I also consider basic, elementary operations to be O(1), or otherwise I clearly state that. Adding two numbers is O(1), unless we know that our numbers will cause overflow for primitive data types. For example, when assessing a shortest path algorithm, you don't consider the addition of costs to be a heavy operation. In my opinion, we are assuming that all similar algorithms in one category will have the same problem if numbers are larger than a certain bound, and thus they will still be comparable.
Note that we (should) use the bigO notation to compare algorithms, rather than calculate their running time. For this purpose, simple operations that need to be performed in all algorithms of a certain category (e.g. addition) can safely be assumed to have O(1). It's also acceptable to say that the cost of mathematical and logical operations is almost the same. We say a linear search is O(n), and a linear sum is also O(n). So, following this logic, all elementary operations can be thought of as O(1).
As a final note, what if we write an algorithm that requires 128bit, or even 256bit integers? I believe we should not assume it will be implemented with a BigInteger, because in a few years, these data types will probably be mainstream. Think about the same idea for algorithms that were invented in the 1960's, and you'll see how the same logic applies.

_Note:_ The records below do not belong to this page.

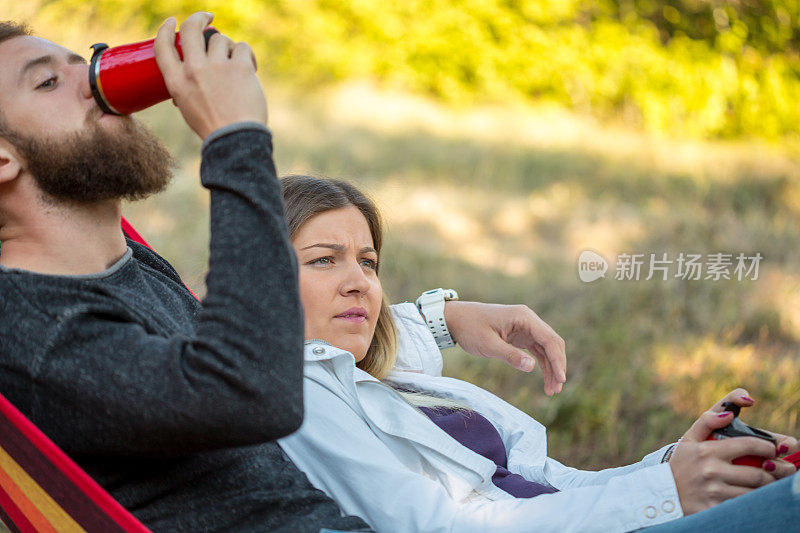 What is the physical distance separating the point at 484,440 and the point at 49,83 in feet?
4.18

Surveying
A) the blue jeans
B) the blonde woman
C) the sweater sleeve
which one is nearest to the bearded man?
the sweater sleeve

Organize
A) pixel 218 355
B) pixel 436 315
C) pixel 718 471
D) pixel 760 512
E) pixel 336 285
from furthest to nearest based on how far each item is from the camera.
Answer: pixel 436 315 → pixel 336 285 → pixel 718 471 → pixel 760 512 → pixel 218 355

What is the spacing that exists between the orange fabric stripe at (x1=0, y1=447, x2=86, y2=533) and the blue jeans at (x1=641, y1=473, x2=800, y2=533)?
3.59 ft

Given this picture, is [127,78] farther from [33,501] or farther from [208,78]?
[33,501]

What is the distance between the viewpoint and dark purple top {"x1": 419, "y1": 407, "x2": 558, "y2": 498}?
1.91 meters

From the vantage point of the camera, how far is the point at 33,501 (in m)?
1.54

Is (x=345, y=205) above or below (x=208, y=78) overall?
below

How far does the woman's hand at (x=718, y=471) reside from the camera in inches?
56.7

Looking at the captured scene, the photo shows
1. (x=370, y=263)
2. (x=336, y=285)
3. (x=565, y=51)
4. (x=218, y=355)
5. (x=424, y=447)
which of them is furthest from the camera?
(x=565, y=51)

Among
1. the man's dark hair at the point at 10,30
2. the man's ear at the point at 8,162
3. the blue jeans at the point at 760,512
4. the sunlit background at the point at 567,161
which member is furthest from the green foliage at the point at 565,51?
the blue jeans at the point at 760,512

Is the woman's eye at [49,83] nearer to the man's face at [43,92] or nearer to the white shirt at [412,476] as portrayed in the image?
the man's face at [43,92]

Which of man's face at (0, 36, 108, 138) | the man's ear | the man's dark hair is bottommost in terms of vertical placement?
the man's ear

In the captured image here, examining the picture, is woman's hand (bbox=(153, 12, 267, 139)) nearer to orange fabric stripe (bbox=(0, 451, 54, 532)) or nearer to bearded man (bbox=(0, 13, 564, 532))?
bearded man (bbox=(0, 13, 564, 532))

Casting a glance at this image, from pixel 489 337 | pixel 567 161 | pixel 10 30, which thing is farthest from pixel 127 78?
pixel 567 161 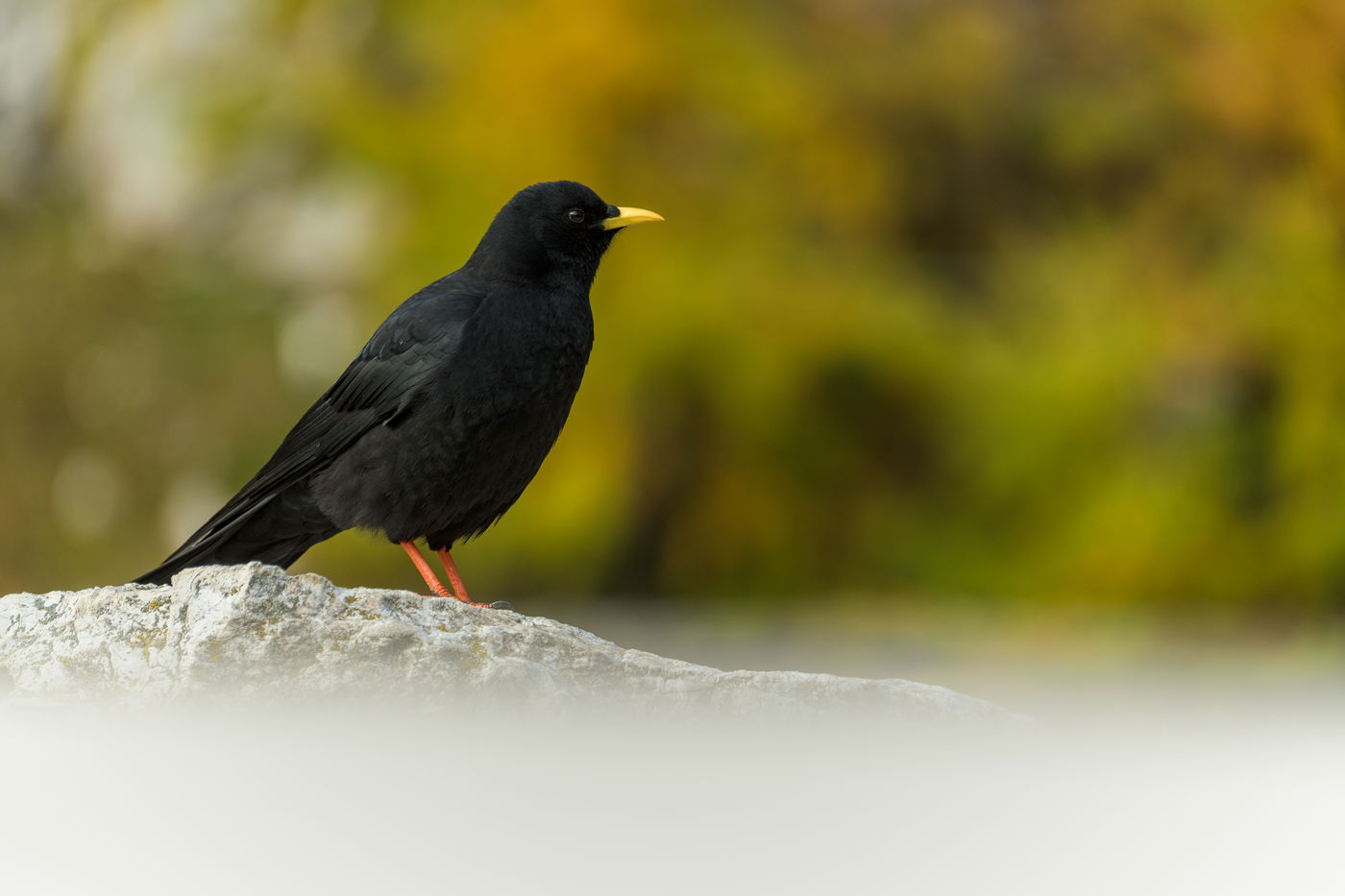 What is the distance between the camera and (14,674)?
316 cm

I would also assume the best implementation. It usually doesn't matter what it really is unless it becomes a bottleneck, in which case you should be using a better data structure anyways.

In some applications, hashtables inserts/reads are considered O(1) as well. It depends on what your baseline is.
For something even as 'simple' as sorting, if you're comparing sorts of large data that won't fit inside memory, it might be worth considering the access time for the hard disk as well. In this case, mergesort is much better than almost all of the other algorithms.
In other cases, specialized hardware may make some algorithms perform much better, by allowing things to be done in constant time that that might take O(n), normally.

Not exactly an answer to the question but this question remind me how luckily somebody had already invented RAM (RANDOM Access Memory) The question will be much difficult without it.
I think bigO notation is not an absolute property of the system. Any bigO statement need to be attached with the assumption on what kind of input is interested and expected to growth.